Reklamverenler için bu değişiklik yeni fırsatlar yaratacak gibi görünüyor. Sohbetlerden elde edilen ilgi alanları, reklamların isabet oranını artırabilir. Bunun yanı sıra içerik önerilerinde daha doğrudan sonuçlar ortaya çıkması bekleniyor. Ne var ki bu süreç, kullanıcıların rızası dışında veri işlenmesi endişelerini de büyütüyor. Her şeye rağmen Meta, bu yöntemle platformlarında geçirilen süreyi artırmayı amaçlıyor.

Kimi uzmanlar, bu kararın dijital güven açısından riskler barındırdığını düşünüyor. Sohbetlerin kişiselleştirme amacıyla işlenmesi, kullanıcıların güven duygusunu zayıflatabilir. Öte yandan, şeffaflık ve denetim mekanizmaları bu sürecin kabul görmesinde belirleyici olacak. Tüm bunların yanında, mahremiyet bilincinin artması kullanıcıların platformlarla ilişkisini yeniden şekillendirebilir. Bu nedenle tartışmalar önümüzdeki dönemde daha yoğun bir şekilde gündeme taşınacak.

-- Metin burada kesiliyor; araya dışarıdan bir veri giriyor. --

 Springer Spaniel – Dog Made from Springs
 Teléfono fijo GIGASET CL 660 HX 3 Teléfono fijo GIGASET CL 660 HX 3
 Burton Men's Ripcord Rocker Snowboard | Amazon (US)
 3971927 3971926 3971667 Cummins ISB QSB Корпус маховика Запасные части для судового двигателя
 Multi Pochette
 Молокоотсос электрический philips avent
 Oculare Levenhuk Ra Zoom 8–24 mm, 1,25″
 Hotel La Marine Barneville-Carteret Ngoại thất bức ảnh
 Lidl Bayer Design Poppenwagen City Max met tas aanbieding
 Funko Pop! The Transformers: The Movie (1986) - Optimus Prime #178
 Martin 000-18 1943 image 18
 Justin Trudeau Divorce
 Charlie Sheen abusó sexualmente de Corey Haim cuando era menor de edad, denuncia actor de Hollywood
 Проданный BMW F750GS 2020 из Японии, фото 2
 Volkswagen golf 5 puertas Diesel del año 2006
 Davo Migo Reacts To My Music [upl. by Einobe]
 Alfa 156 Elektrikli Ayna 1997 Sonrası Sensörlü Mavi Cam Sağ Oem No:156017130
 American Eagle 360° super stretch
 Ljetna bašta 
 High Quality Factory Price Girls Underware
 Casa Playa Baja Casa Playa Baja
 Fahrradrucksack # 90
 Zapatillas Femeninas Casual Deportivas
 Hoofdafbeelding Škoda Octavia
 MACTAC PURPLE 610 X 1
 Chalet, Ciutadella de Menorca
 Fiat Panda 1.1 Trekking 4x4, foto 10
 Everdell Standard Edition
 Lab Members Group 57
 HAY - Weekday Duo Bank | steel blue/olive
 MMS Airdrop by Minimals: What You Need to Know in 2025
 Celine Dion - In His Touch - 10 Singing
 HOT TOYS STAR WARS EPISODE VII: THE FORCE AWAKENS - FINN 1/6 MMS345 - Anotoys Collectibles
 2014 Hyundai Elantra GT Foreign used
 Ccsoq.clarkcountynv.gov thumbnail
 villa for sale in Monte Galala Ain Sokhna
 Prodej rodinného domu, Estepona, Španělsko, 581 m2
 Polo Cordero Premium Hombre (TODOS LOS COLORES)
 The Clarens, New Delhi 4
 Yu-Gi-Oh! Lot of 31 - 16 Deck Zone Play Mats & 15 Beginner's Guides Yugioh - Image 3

Meta, bir yandan reklam gelirlerini artırmayı hedeflerken bir yandan da kullanıcı deneyimini farklılaştırmayı amaçlıyor. Fakat mahremiyet ve kişiselleştirme arasındaki dengenin nasıl sağlanacağı kritik bir nokta olarak öne çıkıyor. Kullanıcılar, sohbetlerinin hangi ölçüde ticari amaçlarla işlendiğini bilmek istiyor. Bu çerçevede şirketin atacağı iletişim adımları, toplumsal tepkinin yönünü belirleyebilir. Yine de Meta’nın bu hamlesi, reklamcılık ile yapay zekâ entegrasyonunun daha yoğun tartışıldığı bir dönemin kapısını aralıyor.